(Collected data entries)
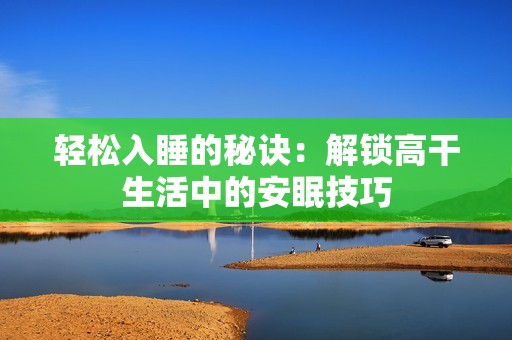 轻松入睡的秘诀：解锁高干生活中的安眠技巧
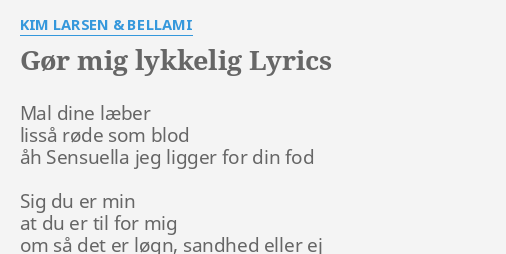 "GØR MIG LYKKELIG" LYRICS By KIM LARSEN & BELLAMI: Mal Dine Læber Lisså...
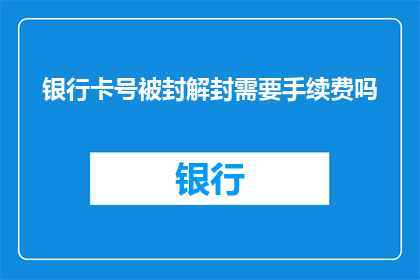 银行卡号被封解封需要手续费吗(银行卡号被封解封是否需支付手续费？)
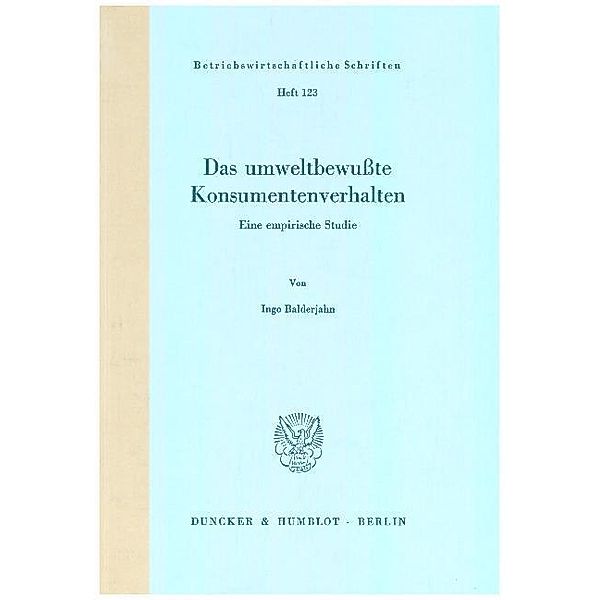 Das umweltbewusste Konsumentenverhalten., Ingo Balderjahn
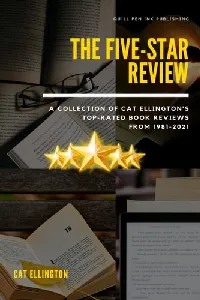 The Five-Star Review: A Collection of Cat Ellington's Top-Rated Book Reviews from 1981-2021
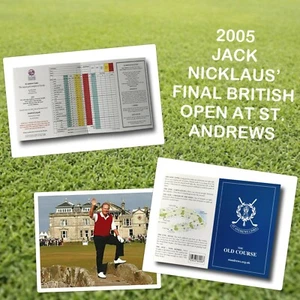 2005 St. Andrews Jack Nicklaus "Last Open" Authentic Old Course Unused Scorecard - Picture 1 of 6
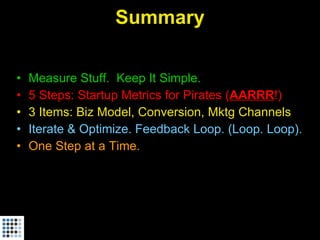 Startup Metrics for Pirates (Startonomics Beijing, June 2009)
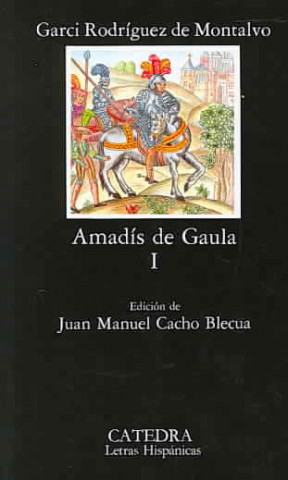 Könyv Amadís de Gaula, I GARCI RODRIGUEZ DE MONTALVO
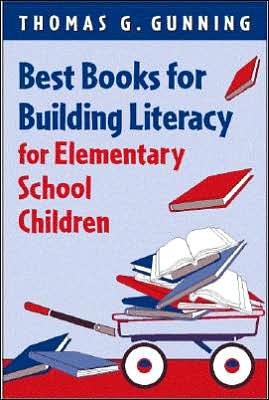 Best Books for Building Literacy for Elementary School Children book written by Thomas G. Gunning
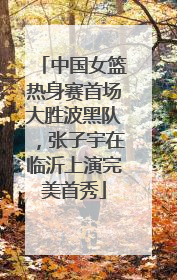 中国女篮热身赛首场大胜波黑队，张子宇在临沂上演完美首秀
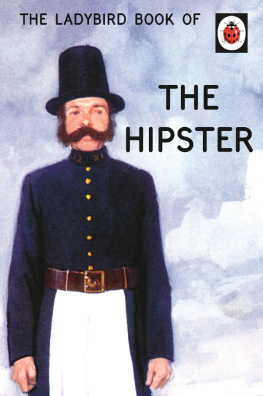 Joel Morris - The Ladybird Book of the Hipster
* * *
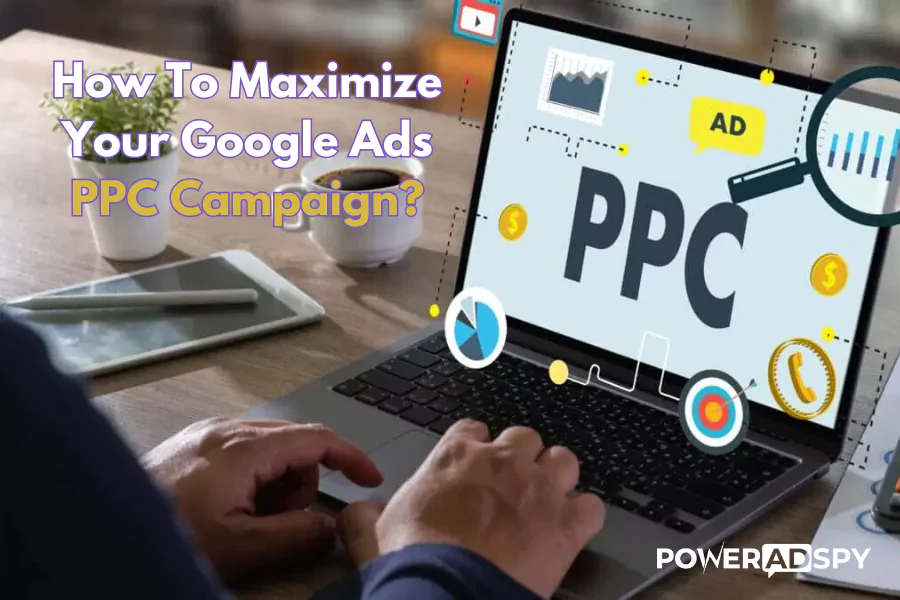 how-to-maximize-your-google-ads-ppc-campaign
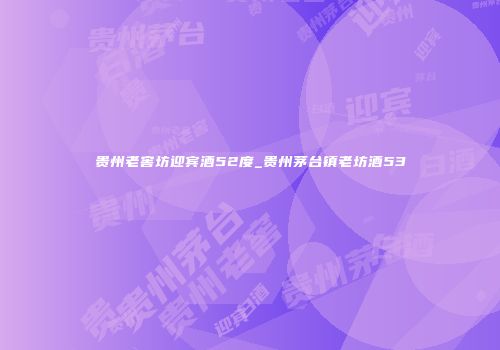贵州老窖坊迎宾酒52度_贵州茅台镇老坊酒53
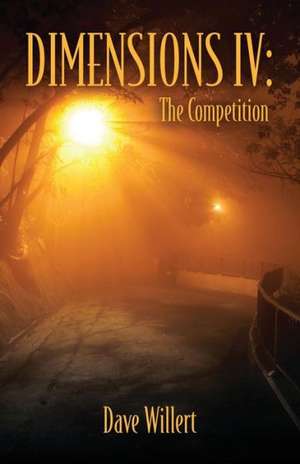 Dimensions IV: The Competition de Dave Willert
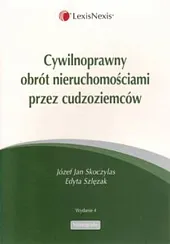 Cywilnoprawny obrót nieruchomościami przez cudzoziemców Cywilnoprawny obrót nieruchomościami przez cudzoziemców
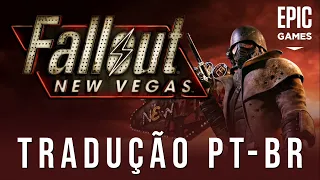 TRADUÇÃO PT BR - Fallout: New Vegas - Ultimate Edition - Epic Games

**PROBLEM**
Beginning at the line above that contains "Könyv Amadís de", repeat each line exactly through the one that contains "Joel Morris - The", and leave out the pictures.

**REPLY**
 Könyv Amadís de Gaula, I GARCI RODRIGUEZ DE MONTALVO
 Best Books for Building Literacy for Elementary School Children book written by Thomas G. Gunning
 中国女篮热身赛首场大胜波黑队，张子宇在临沂上演完美首秀
 Joel Morris - The Ladybird Book of the Hipster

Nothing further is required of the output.